▶ **DATA SUPPLIED**:

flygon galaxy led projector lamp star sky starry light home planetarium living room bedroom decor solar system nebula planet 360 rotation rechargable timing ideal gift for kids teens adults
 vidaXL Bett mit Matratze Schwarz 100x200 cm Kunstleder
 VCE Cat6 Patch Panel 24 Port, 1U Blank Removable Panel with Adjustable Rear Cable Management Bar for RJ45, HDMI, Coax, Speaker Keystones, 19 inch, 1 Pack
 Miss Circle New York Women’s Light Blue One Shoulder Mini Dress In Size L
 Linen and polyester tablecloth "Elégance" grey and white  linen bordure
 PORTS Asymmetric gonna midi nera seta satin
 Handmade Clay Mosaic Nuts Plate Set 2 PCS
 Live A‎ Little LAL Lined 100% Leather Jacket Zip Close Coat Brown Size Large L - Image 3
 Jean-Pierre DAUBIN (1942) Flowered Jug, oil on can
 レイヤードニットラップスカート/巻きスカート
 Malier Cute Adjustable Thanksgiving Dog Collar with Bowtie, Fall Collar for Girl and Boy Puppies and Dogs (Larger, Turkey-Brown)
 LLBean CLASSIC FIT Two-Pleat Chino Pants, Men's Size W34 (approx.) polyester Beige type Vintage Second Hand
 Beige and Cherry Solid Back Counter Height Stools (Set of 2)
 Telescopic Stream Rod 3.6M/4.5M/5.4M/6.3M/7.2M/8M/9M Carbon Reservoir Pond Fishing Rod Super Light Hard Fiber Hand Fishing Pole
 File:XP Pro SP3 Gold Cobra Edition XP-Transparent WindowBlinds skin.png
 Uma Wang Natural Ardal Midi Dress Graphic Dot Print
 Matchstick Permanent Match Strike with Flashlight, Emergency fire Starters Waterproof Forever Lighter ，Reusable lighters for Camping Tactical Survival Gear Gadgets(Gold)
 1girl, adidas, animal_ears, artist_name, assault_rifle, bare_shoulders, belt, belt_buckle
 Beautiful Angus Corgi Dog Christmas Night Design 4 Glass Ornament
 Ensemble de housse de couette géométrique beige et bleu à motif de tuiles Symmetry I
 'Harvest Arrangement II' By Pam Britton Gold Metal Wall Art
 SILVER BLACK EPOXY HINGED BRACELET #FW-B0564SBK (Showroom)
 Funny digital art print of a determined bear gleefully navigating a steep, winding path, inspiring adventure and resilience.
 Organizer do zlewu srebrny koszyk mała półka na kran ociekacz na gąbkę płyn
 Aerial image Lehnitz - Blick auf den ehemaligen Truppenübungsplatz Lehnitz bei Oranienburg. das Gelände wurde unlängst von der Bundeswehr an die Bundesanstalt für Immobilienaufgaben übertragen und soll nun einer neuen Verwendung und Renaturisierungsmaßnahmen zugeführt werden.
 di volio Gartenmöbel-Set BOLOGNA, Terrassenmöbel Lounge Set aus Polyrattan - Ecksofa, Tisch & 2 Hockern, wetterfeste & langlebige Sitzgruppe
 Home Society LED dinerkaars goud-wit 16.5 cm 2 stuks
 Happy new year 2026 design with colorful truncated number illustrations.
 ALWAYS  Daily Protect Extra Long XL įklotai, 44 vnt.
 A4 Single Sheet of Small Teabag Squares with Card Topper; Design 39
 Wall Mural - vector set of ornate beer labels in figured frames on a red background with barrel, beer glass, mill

▶ **EXERCISE BRIEF**:
Using the material above, transcribe exactly the lines from the line with "bare_shoulders, belt, belt_buckle" to the line with "Organizer do zlewu"; both count, and nothing else goes in.

▶ **OUTPUT BELOW**:
 1girl, adidas, animal_ears, artist_name, assault_rifle, bare_shoulders, belt, belt_buckle
 Beautiful Angus Corgi Dog Christmas Night Design 4 Glass Ornament
 Ensemble de housse de couette géométrique beige et bleu à motif de tuiles Symmetry I
 'Harvest Arrangement II' By Pam Britton Gold Metal Wall Art
 SILVER BLACK EPOXY HINGED BRACELET #FW-B0564SBK (Showroom)
 Funny digital art print of a determined bear gleefully navigating a steep, winding path, inspiring adventure and resilience.
 Organizer do zlewu srebrny koszyk mała półka na kran ociekacz na gąbkę płyn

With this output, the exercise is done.